Established by UNESCO in 2001, World Science Day is celebrated worldwide on 10 November each year to demonstrate to the wider public why science is relevant to their daily lives and to connect countries for the betterment of science and knowledge.
This year, the UNESCO World Science Report, issued every five years, is being launched on the Day to identify trends in science, technology and innovation, across every region.
“The key message of the Report can be summarized in just four words: more research – better development,” according to the agency.
“All governments recognize today the power of science to provide key answers for the better management of water, for the conservation and sustainable use of the ocean, for the protection of ecosystems and biodiversity, to tackle climate change and disasters, to foster innovation and to eliminate poverty and reduce inequality.”
And “to make the most of this power, we need to understand more clearly the global landscape of science and we need better tools to monitor progress,” Ms.
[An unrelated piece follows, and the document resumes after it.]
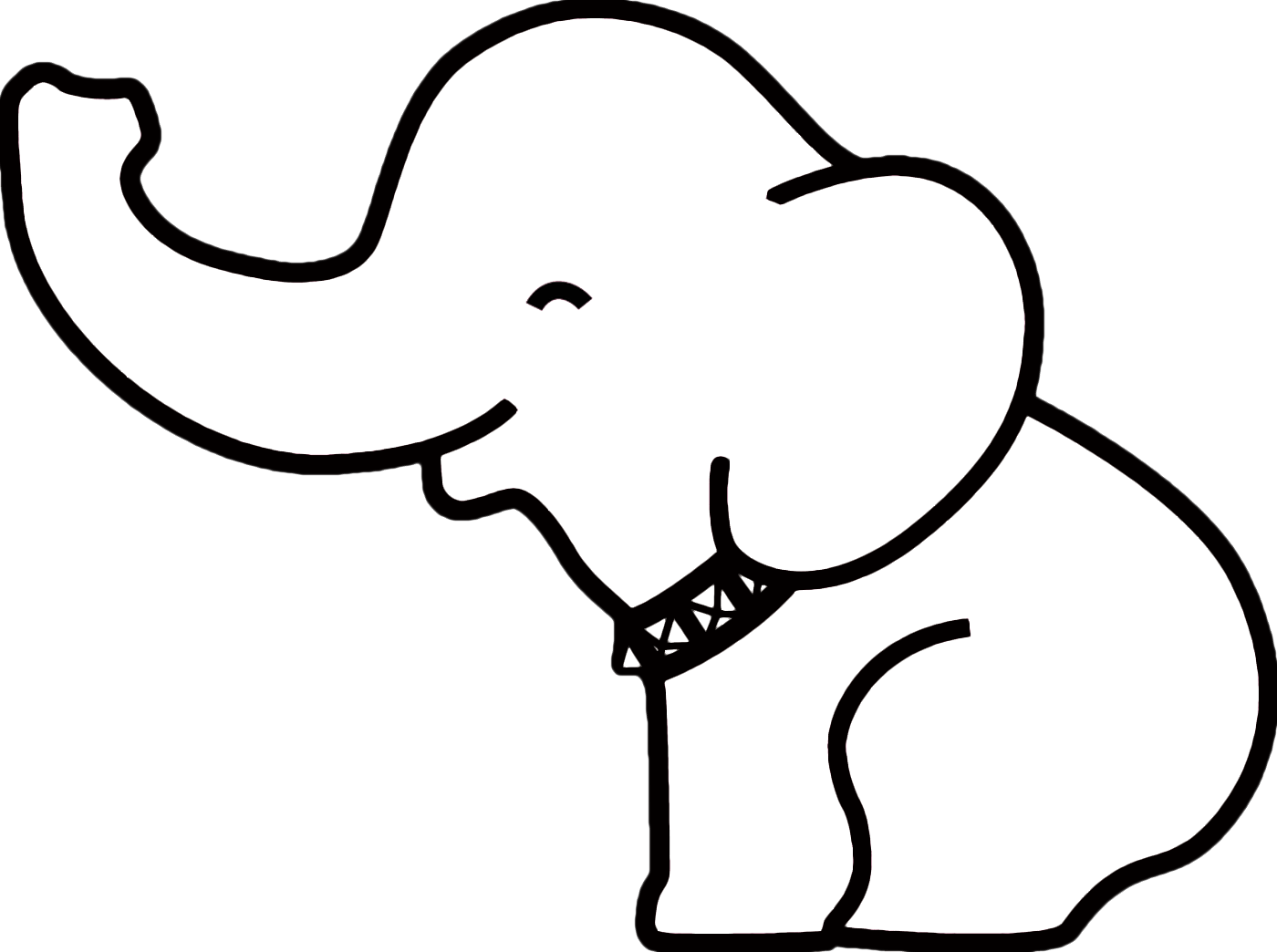 Pin Elephant Outline On Pinterest - Elephant To Draw Easy (1400x1044), Png Download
Bokova said.
She noted that “growing concerns with recurrent drought, flooding, hurricanes and other natural phenomena have led Governments to adopt strategies at both national and regional levels to protect agriculture, reduce disaster risks and diversify national energy mixes.”
These issues, she explained, will be addressed in the forthcoming 21st Meeting of the States Parties to the UN Framework Convention on Climate Change (UNFCCC), widely known as COP21 to be held in Paris from 30 November to 11 December, when leaders from across will gather to adopt a new agreement on international cooperation to mitigate the consequences of climate change.
“Science, technology and innovation is essential here, and we must do everything to support societies across the world, on every continent, to create and share knowledge,” Ms. Bokova said.
One issue raised by UNESCO this year is the disparity between men and women in the sciences. While women currently make up a slight majority of Americans who complete bachelor’s and master’s programs in the sciences, this lead drops precipitously at the Ph.D. level, where 43 percent of graduates are male. The real test comes when those students try to get jobs. When all is said and done, only 28 percent of science researchers worldwide are women.
Science literacy is quite low in the United States, where, according to Pew, most people don’t know that water boils at a lower temperature at higher altitudes. However, the situation is even worse in countries with low education and literacy,.
That’s why the 2015 Science report focuses largely on improving infrastructures in the developing world, and working more directly with local and indigenous people to improve basic science concepts, but equally importantly, for researchers and policymakers to learn from locals. Rather than coming in as experts, sure to “fix” the local populations’ problems, researchers should be treating indigenous people as experts in their own ecological systems. After all, a woman whose family has been dealing with flooding for generations will have more on-the-ground knowledge of disaster preparation than even the most knowledgeable academic. As UNESCO puts it, we need to “empower people to design the solutions they need.”